We head to dinner, both wanting to avoid fried food, and stewed food, we find a place that has smoked salmon. I am a enjoying my salmon on Guinness soda bread.

Tomorrow is St Patricks Day so time to rest up for another long day.

Arrived in Dublin

I check out of my hotel in Belfast and head to Dublin today but first I head out to see the peace wall that I missed earlier. Thank goodness I still wake up very early so I can go out and sightsee before I need to leave. My sleep schedule is not so great for pub visits but opportune to seeing sights during the day.

The peace wall is the barricade that separated the two fighting groups of Ireland in the middle of Belfast to help foster “peace”. Before the mid-90’s this country was torn in pieces by constant violence. I am going to try to simplify it and I’ll probably get it a little wrong but basically it is between the British loyalists or Protestants (Ireland used to be ruled completely by Britain) and the Irish Separatists or Catholics. Ireland was technically declared independent in 1922 but I guess Britain wasn’t totally out of the picture and it caused factions to form.

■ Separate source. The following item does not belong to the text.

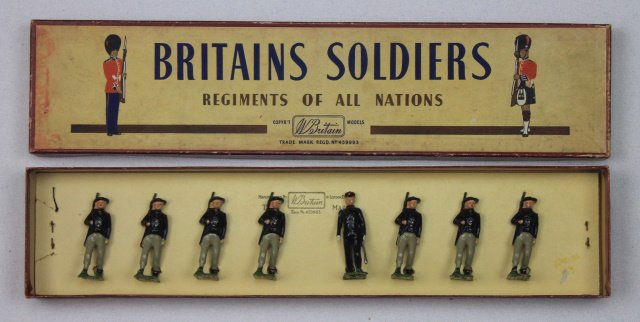 Britains Set #169 Italian Bersaglieri (1 of 1)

Northern Ireland remained loyal to the crown for the most part while Southern Ireland wanted to remain independent. This morning I walked down to the peace wall, which still exists, to see the art and written messages promoting peace and unity. There is talk of bringing the wall down but this particular wall is still up for now; perhaps so they never forget the past and they don’t repeat it. I learn later that I should have booked a black taxi tour to get a real feel for the history. I have another reason to return.

I had planned to take the 20 something minute walk to the train station to catch my train to Dublin but then it starts raining, then it develops into sleet and snow. I take an Uber instead. The train is on time and even the basic car seat I purchased is pretty comfortable, although it was never quite clear if I am in the right class. I have flash backs of getting kicked out of first class in Spain. I don’t get comfortable until we move and I see train staff walking by not caring about which ticket I have.

It’s ice snowing

My hotel is a little distance from the train station in Dublin so I Uber again (Ubers are taxis by the way). It starts pouring, sleeting, and snowing just like Belfast. The weather has seemed to follow me here.

After hotel check in I decide to waste no time and sneak off to an last minute tasting at the distillery around the corner. The triangle shaped area I am staying is called “The Liberties”. It used to have the highest concentration of Dublin whisky distilleries. Irish whiskeys where thriving in the 19th century, people couldn’t get enough of them. Three things happened in the early 1900’s to change that: Irish independence, prohibition in the USA, and the Irish ignoring new technologies in the industry. All the existing distilleries closed in Dublin by the 1970’s (some moved operations elsewhere and stayed alive). In 2015, Teeling Whisky Distillery became the first new distillery to open in Dublin in 125 years. A distant relative once had a distillery not far from where the current location is so basically whisky is in their blood. I purchased the tasting where I try 3 different whiskies. Each had their own merits. My favorite being Single Grain Irish Whisky. The other tasting included a special cocktail that I also want to try so I purchase one at the bar after our official tasting. Now that I am all liquored up I decide I need dinner.

I wander around town in the evening. I go by all the temple bars. I notice teenagers lining up for blocks for some concert of a band I have never hear of. They seem to be wildly popular though.

I make reservations to try boxty – a local dish.

I get to the area early so pop into a pub where a person is performing Irish tunes and contemporary covers. I remember to order half a pint this time. Seems to be perfect for me lately for a quick drink.

Boxty is ok. I was expecting a life changing experience but it was just good. The meat was more tender than I expected so I liked that.

No late night drinks for me so I head back to the hotel for the night. I am meeting my friend tomorrow.